Once a strong sector has been identified, one can then examine industry groups within that sector to find the strongest. This allows you to zero in on the best stocks in the strongest industry groups of the market-leading sectors.
For investors, it is often the weekly RS analysis that will be the most important, though over the past few years I have been combining weekly and daily analysis. In this article, I will explain how I combine the analysis of these two time periods, and also show why traders should also consider using the hourly RS analysis in their trading.
Unlike most analysts who use this approach, I use moving averages and trend line analysis of the relative performance to help me identify turning points.
This weekly chart of the Select Sector SPDR Energy (XLE) covers the period from late 2009 through August 2012. From October 2009, the RS line had been in a downtrend, as it formed a series of lower highs (line a) and lower lows. It moved above and below its 21-period WMA during this time.
The breaking of long-term up- or downtrends in relative performance is generally quite significant, as the length of the trend line is important. Therefore the break in the yearlong downtrend in October 2011 (line 1) did suggest a change in trend.
By the end of the month, it had formed a bullish zig-zag formation consistent with a new uptrend. The RS line confirmed every new high until the end of April, when XLE closed at $80.47 but the RS made a lower high. The next week, XLE reversed sharply to the downside, and the RS line broke its support (line c).

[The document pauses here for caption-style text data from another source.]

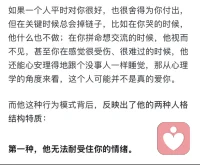 一个人在你哭的时候无动于衷 那他并不爱你
如果一个人平时对你很好，也很舍得为你付出，但在关键时候总会掉链子，比如在你哭的时候，他什么也不做；在你拼命想交流的时候，他视而不见，甚至你在感觉很受伤、很难过的时候，他还能心安理得地跟个没事人一样睡觉，那从心理学的角度来看，这个人可能并不是真的爱你。
-
而他这种行为模式背后，反映出了他的两种人格结构特质：
-
第一种，他无法耐受住你的情绪。
-
你的情绪会激活他们的创伤性记忆，心理学中有个词叫做“脆弱性回避”，指个体在面对自己或他人的脆弱情绪时，会采取回避、否认、转移话题等方式，来缓解自己心中的不安。也就是他并不是感知不到你的痛苦，而是他发展出了一套强大的机制，来回避和屏蔽你的脆弱情绪。
-
这类人可能小时候目睹过父母因为情绪表达，而引发激烈的争吵，或者小时候他在表达自己的负面情绪时受挫，被父母嘲笑、拒绝过，于是他发展出了一套认知，认为表露情感需求是危险的，失控的。
-
于是他就学会了关闭自己的情感雷达，对他人，尤其是负面情绪视而不见，在你最需要情感连接和支持时，他会用一句轻飘飘的“别哭了”、“想开点”等话试图快速结束你的情绪表达。
-
第二种，他存在深层的“工具化倾向”。
-
也就是，他会把你当做是一种能满足他特定需求的“工具”，而不是一个具有独立情感和需求的、完整的“人”。
-
当你展现出“脆弱、痛苦”等对他没用，甚至是麻烦的部分时，他就会撤回自己的关注和投入，甚至还会觉得你的这些特质给他带来了的困扰，他必须要隔绝开来。这就是为什么你在痛苦时，他却能心安理得的睡觉，因为你的痛苦跟他无关，甚至还干扰了他。
-
这类人本质上都具有一定程度的自恋倾向，他只会关注自身的的需求，而不会考虑你的感受。所以你会发现，跟他们在一起，极具割裂性，好的时候会特别好，而一旦你满足不了他的需要时，他就会无情地将你甩开。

In May, the RS line rebounded back to flat, and by this time the on-balance volume (OBV) had also completed a top formation. (For more on this, read “Big Oil's Big Top.")
The RS line did move above its WMA in July, but then reversed, dropping sharply below its WMA and the prior lows. This reaffirmed the downtrend.
From late December 2011 to the middle of February, XLE rallied sharply, hitting a high of $76.50. During this rally, the weekly RS line diverged from prices, as it formed lower lows (line f) and was only able to move slightly above its flat WMA.
The RS line violated its WMA in March, and continued to drop sharply in April, making a spike low in June. The RS line has now moved above its WMA, but is still well below the long-term resistance at line e.
The daily RS analysis shows that it also diverged from prices in April 2011, and completed a top in May, when it broke support (line c). The RS line also rebounded back to this resistance in July.
The daily RS line was negative from August to October, and did not form any divergences at the October lows like other sectors did. The relative performance did move quickly back above its WMA soon after the October lows, but peaked at the end of the month.
The daily RS was also not confirming the price action from November through February, as it also formed lower highs and lower lows, indicating that XLE was weaker than the S&P 500.